» Exercise:
Set down each entry below exactly as written, keeping the pictures out.

(Short text fragments from websites)
....................
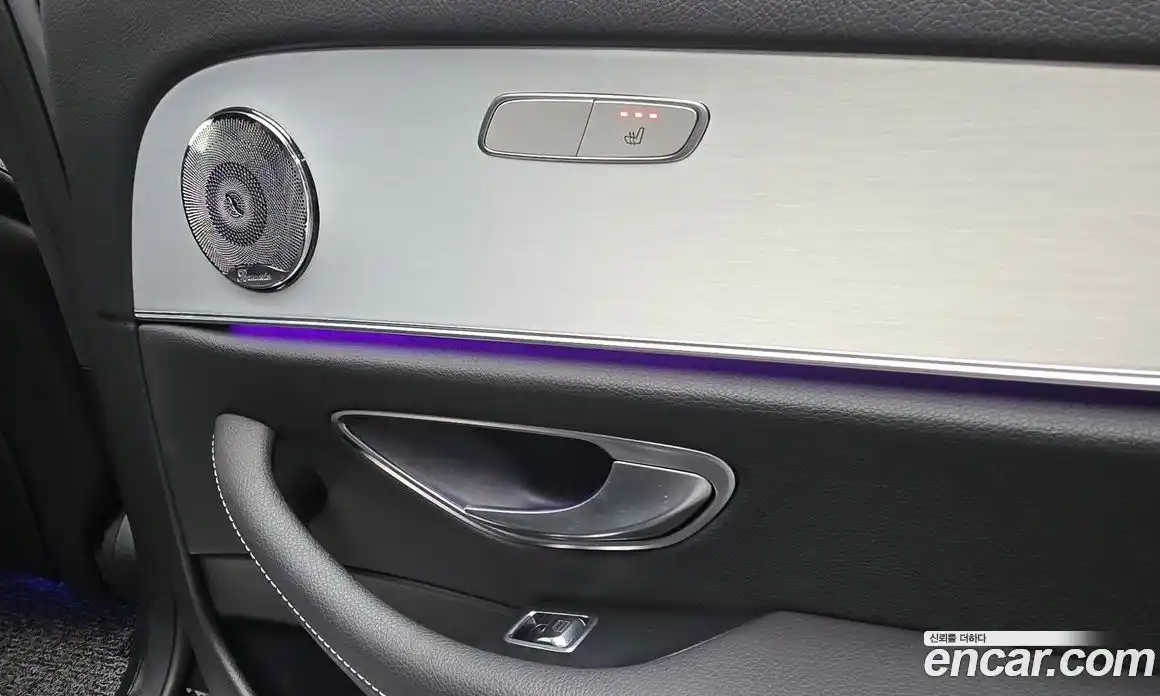 Mercedes-Benz E-Class 2021 2.0 Автомат в Москве № 623951, фото 18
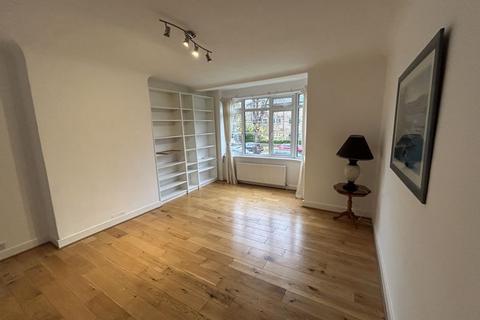 3 bedroom flat to rent, Argyle Road, London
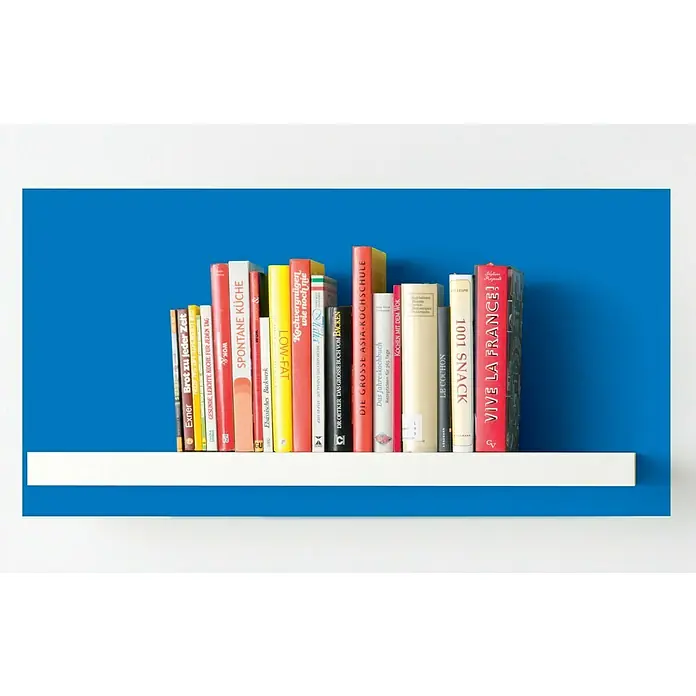 Alpina Vollton- & Abtönfarbe Color - Royal Blue, Matt, 250 ml, Lösemittelfrei - Bücherregal mit einer Sammlung von Kochbüchern verschiedener Genres, darunter französische, asiatische und Low-Fat-Küche.
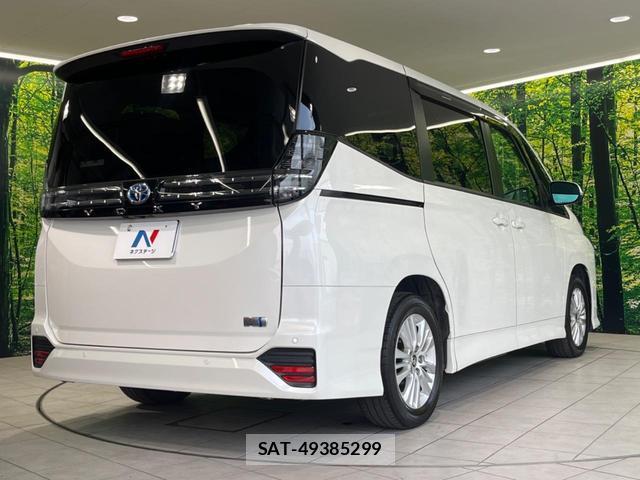 Toyota VOXY 2023-09 8342846-16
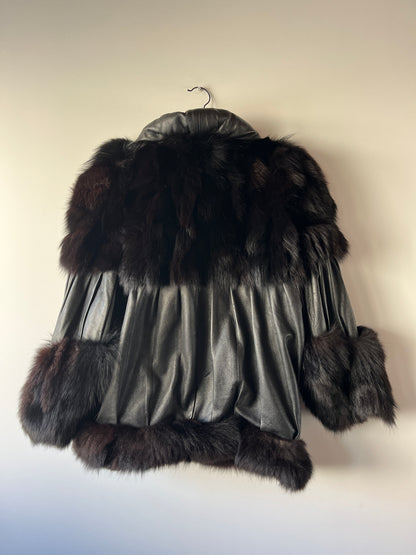 Veste en cuir et fourrure à manches chauve-souris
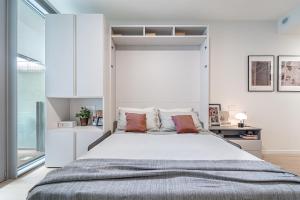 JOIVY Luxury Waterfront Studio with Balcony & Parking in Genoa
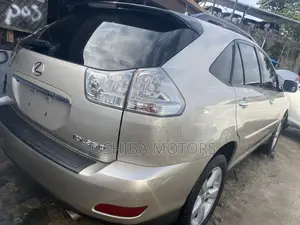 Lexus RX 330 2006 Gold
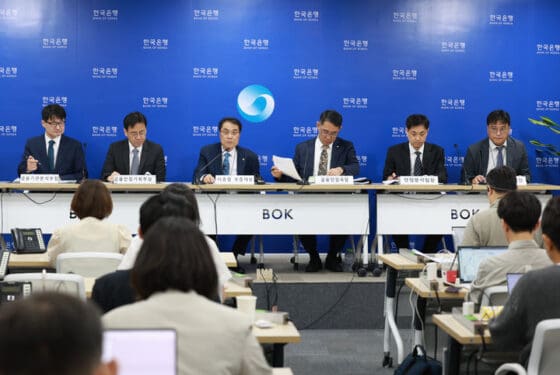 한은 “집값 상승 빨라, 정책대출 DSR 포함…자영업자, 빚탕감 필요”(종합)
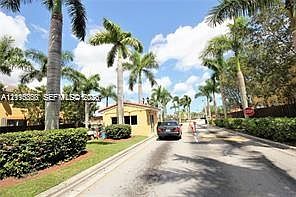4th image of 2845 SE 15th Rd #81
....................
» Solution to the problem:
 Mercedes-Benz E-Class 2021 2.0 Автомат в Москве № 623951, фото 18
 3 bedroom flat to rent, Argyle Road, London
 Alpina Vollton- & Abtönfarbe Color - Royal Blue, Matt, 250 ml, Lösemittelfrei - Bücherregal mit einer Sammlung von Kochbüchern verschiedener Genres, darunter französische, asiatische und Low-Fat-Küche.
 Toyota VOXY 2023-09 8342846-16
 Veste en cuir et fourrure à manches chauve-souris
 JOIVY Luxury Waterfront Studio with Balcony & Parking in Genoa
 Lexus RX 330 2006 Gold
 한은 “집값 상승 빨라, 정책대출 DSR 포함…자영업자, 빚탕감 필요”(종합)
4th image of 2845 SE 15th Rd #81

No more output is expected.